Normalizing activations in a network

One of the most important ideas has been an algorithm called batch normalization, created by two researchers, Sergey Ioffe and Christian Szegedy. Batch normalization makes your hyperparameter search problem much easier, makes your neural network much more robust. The choice of hyperparameters is a much bigger range of hyperparameters that work well, and will also enable us to much more easily train even very deep networks.

Normalizing inputs to speed up learning

In logistic regression, normalizing the input speed up learning.

$\mu=\frac{1}{m}\sum_{i=1}^mx^{(i)}$

$x=x-\mu$

$\sigma ^2=\frac{1}{m}\sum_{i=1}^mx^{(i)\overbrace{2}^{\text{element wise}}}$

then normalize with variance

$x=\frac{x}{\sigma^2}$

In deep learning, we normalize $a^{[2]}$ so train $w^{[3]}, b^{[3]}$ faster with batch normalization. Technically, it is achived by normalizing $z^{[2]}$

How do we implement batch norm?

GIven some intermediate values in the neural network, $z^{[l](i)}, \cdots, z^{[L](m)}$

$\mu=\frac{1}{m}\sum_{i=1}^mz^{[l](i)}$

$\sigma ^2=\frac{1}{m}\sum_{i=1}^m(z_i-\mu)^2$

then normalizing $z^{(i)}$

$z^{(i)}_{norm}=\frac{z^{(i)}-\mu}{\sqrt{\sigma^2+\epsilon}}$

here we add $\epsilon$ to add stability in case $\sigma^2$ turns out to be 0.

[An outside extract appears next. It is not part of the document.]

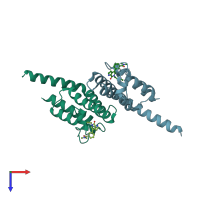 PDB entry 6bqd coloured by chain, top view.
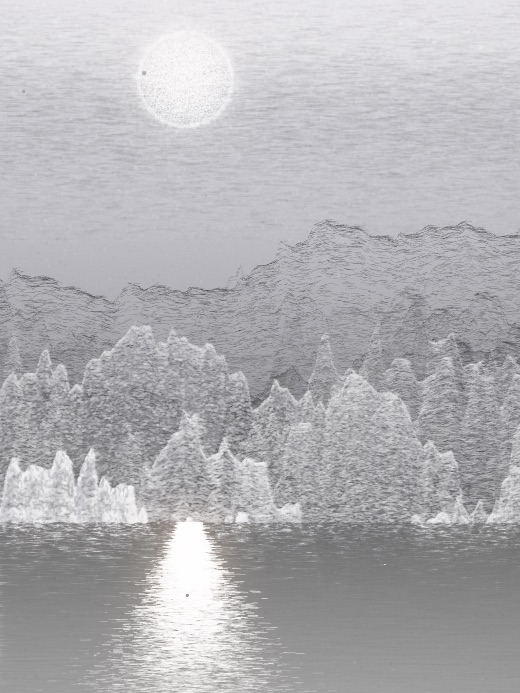 生涯 candidate #2, Saltflat, Signal palette, Disc light over glittered water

So every component of $z$ has mean 0 and variance 1. But we don’t want the hidden units to always have mean 0 and variance 1. Maybe it makes sense for hidden units to have a different distribution,

$\tilde{z}^{(i)}=\gamma z^{(i)}_{norm}+\beta$

Here $\gamma, \beta$ are learnable parameters of the model. Notice that the effect of $\gamma$ and $\beta$ is that it allows to set the mean of $\tilde{z}$ to be whatever values. In fact, if $\gamma={\sqrt{\sigma^2+\epsilon}}$ is the denominator of $z^{(i)}_{norm}$ and $\beta=\mu$ then the effect of $\gamma z^{(i)}_{norm}+\beta$ is that it would exactly invert the equation $z^{(i)}_{norm}$ . If that is true, then $\tilde{z}^{(i)}= z^{(i)}$ .

In the neural network, instead of using $z^{[l](i)}, \cdots, z^{[L](m)}$ , now we can use $\tilde{z}^{[l](i)}, \cdots, \tilde{z}^{[L](m)}$ .